◆ Data shown ◆

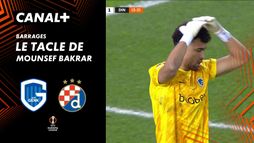 Le tacle de Mounsef Bakrar contre Genk (47')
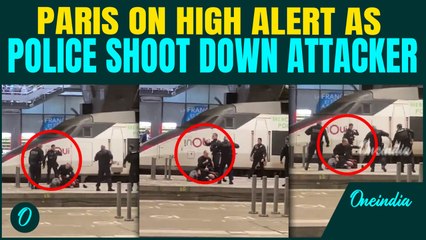 PARIS ATTACK BREAKING: Police SHOOTS Attacker at Packed Montparnasse Station | Crowds Flee in Panic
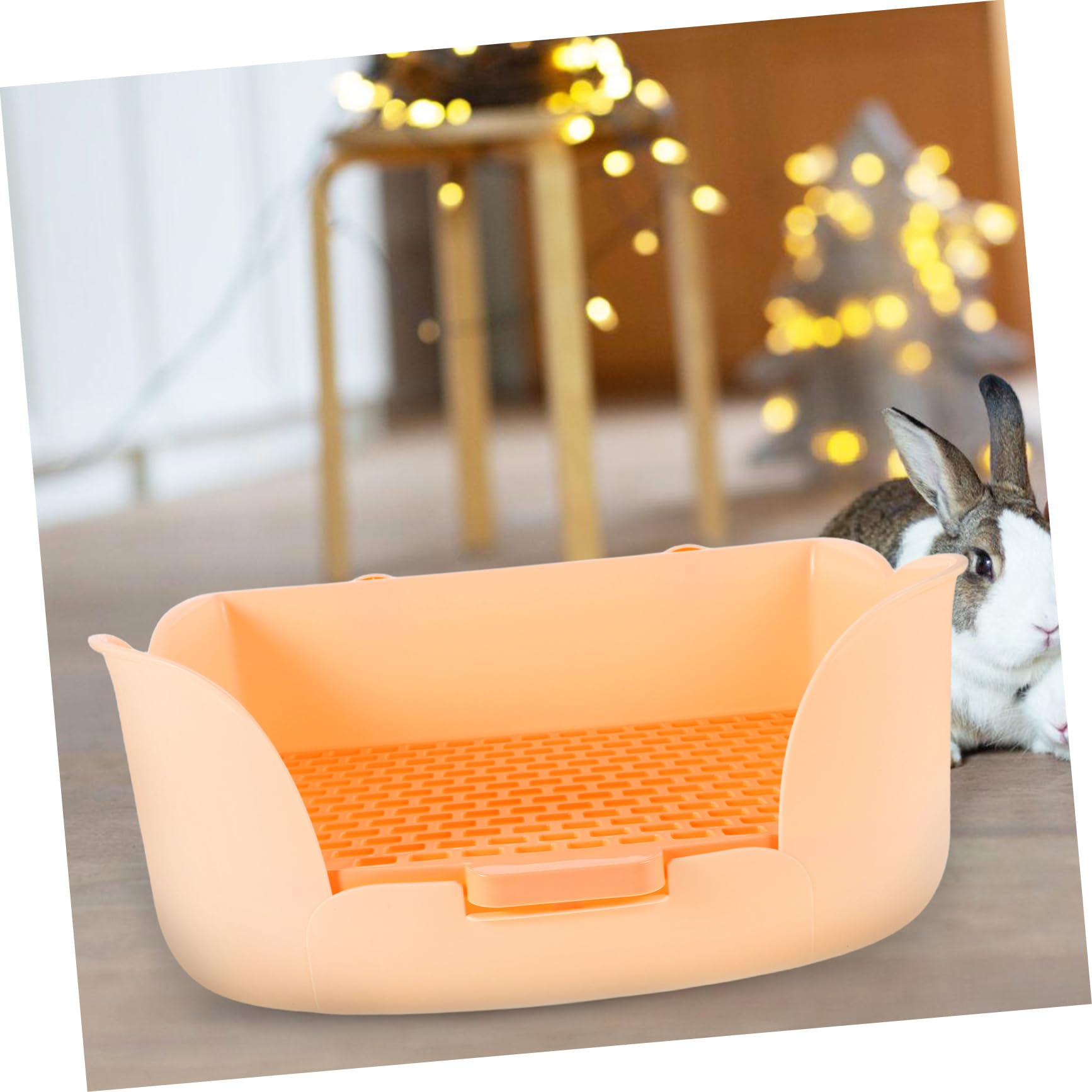COLLBATH Lettiera per Animali Design Ergonomico per Cavie Criceti e Cincillà Facile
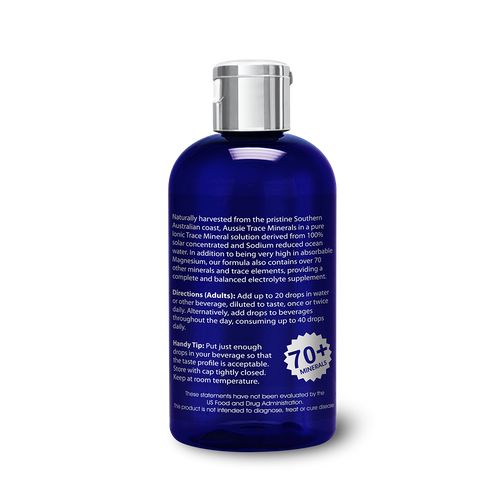 Aussie Trace Minerals  Complete Liquid Electrolytes    - 8oz / 240ml   (160 servings)
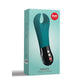 Fun Factory Manta Vibrating Stroker in deep sea blue package  - by The Bigger O online sex shop. USA, Canada and UK shipping available.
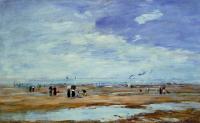 Boudin, Eugene - Deauville, the Beach, Low Tide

◆ Task details ◆
With the pictures left aside, write out all of the records above exactly.

◆ Response box ◆
 Le tacle de Mounsef Bakrar contre Genk (47')
 PARIS ATTACK BREAKING: Police SHOOTS Attacker at Packed Montparnasse Station | Crowds Flee in Panic
COLLBATH Lettiera per Animali Design Ergonomico per Cavie Criceti e Cincillà Facile
 Aussie Trace Minerals  Complete Liquid Electrolytes    - 8oz / 240ml   (160 servings)
 Fun Factory Manta Vibrating Stroker in deep sea blue package  - by The Bigger O online sex shop. USA, Canada and UK shipping available.
 Boudin, Eugene - Deauville, the Beach, Low Tide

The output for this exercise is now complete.